How do you protect vulnerable people?
For Erin Turner, CEO of the Consumer Policy Research Center (CPRC), transparency is a top priority.
Without transparency, she said: “When and sometimes this technology is being used by companies, what it is being used for, how it is configured, how it is being tested to see if it is giving fair results. It is very difficult to know if
“There are two layers to the problem,” she says. “What’s going on? It’s very hard to know. Then; is it okay?”
Businesses already collect a ton of data about Australian consumers, Turner said, and consumers do not really have control over what personal information is collected and how it is used, stored and shared. you can’t.
“Our data is collected and we are asked for all sorts of information. ), used to sell more and make us pay a higher price,” she says.
According to the CPRC survey, 79% of Australians want businesses to collect only the basic data they need to deliver a product or service, and no more, Turner said. increase. The same percentage of people don’t want their data shared or sold under any circumstances, she says.
People who are already discriminated against are the most likely to be adversely affected by AI systems, Schuster said.
When using AI to evaluate applications for jobs, credit, or social services, “it’s really important that these automated systems do things fairly,” he says.
“Our data is collected and we are asked for all sorts of information. ), used to sell more and make us pay a higher price.”
Erin Turner, CEO, Consumer Policy Research Center
“As an English-speaking middle-class white American, I don’t worry too much about myself. Most of these technologies were built by people like me, for people like me. I think that there.
“I am more concerned about those who are not part of that culturally dominant group. It’s about how you can be left behind, washed out and marginalized.”
Any solution?
Miller said much work is underway to try to address the gap between law and policy, flagging the European Union’s proposed AI law.
Turner says a good place to start in Australia is Personal Information Protection Lawwhich limits the data that companies can collect and use in the first place.
“As we speak, Personal Information Protection Law in progress.And for me this is one of the most important fundamental reforms we should see […] So getting it right is the first step.
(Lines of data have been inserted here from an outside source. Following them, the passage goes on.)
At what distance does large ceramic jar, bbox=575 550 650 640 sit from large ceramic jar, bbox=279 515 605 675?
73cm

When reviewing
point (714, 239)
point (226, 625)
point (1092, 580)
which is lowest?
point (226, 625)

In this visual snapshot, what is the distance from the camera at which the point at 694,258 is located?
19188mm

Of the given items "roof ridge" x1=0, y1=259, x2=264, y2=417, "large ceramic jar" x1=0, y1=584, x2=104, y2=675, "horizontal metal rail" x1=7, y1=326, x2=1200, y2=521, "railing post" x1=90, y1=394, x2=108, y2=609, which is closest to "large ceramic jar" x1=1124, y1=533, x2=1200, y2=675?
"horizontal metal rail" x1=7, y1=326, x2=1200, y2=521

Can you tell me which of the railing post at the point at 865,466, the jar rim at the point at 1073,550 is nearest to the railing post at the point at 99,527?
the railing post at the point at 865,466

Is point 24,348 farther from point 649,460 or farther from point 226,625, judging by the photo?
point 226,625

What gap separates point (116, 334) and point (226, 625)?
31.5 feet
And that’s where we’re going to get into big discussions about AI strategy and protection,” she says.
MacLaurin said AI companies are adding filters to prevent their systems from serving biased, rude or dangerous content. But these layers of trust and security aren’t impregnable, he says.
“There is a kind of arms race going on between hackers and trolls and all sorts of people looking for ways to turn off the layers of trust and security.”
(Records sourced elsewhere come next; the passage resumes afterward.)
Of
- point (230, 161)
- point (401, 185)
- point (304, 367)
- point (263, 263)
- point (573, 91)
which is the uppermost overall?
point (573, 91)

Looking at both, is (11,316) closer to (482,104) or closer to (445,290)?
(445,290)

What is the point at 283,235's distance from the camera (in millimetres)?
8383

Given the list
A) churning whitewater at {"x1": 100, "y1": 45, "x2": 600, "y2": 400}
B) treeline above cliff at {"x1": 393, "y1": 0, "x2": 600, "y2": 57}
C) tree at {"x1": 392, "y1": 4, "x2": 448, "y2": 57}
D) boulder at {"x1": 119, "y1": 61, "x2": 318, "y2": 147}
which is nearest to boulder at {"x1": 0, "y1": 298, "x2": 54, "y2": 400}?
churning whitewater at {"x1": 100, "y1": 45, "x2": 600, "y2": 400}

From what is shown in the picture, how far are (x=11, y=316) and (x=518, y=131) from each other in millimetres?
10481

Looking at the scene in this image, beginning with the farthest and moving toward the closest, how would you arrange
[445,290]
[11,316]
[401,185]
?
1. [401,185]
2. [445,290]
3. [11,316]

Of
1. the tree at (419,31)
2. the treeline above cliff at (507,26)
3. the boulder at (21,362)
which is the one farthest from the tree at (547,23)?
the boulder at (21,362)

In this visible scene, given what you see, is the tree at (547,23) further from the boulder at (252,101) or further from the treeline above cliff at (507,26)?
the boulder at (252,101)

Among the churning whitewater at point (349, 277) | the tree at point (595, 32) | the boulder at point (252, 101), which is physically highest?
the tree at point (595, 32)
MacLaurin, who is generally positive about the future of AI, admits that he, along with Apple co-founders Steve Wozniak and Elon Musk, among others, signed a petition calling for a six-month moratorium.
Policy moves slower than computer science, he reasones, and will need time to catch up.
“People shouldn’t be too depressed. But they need to focus on thinking about ethics, thinking about policy, thinking about how to do this fairly.”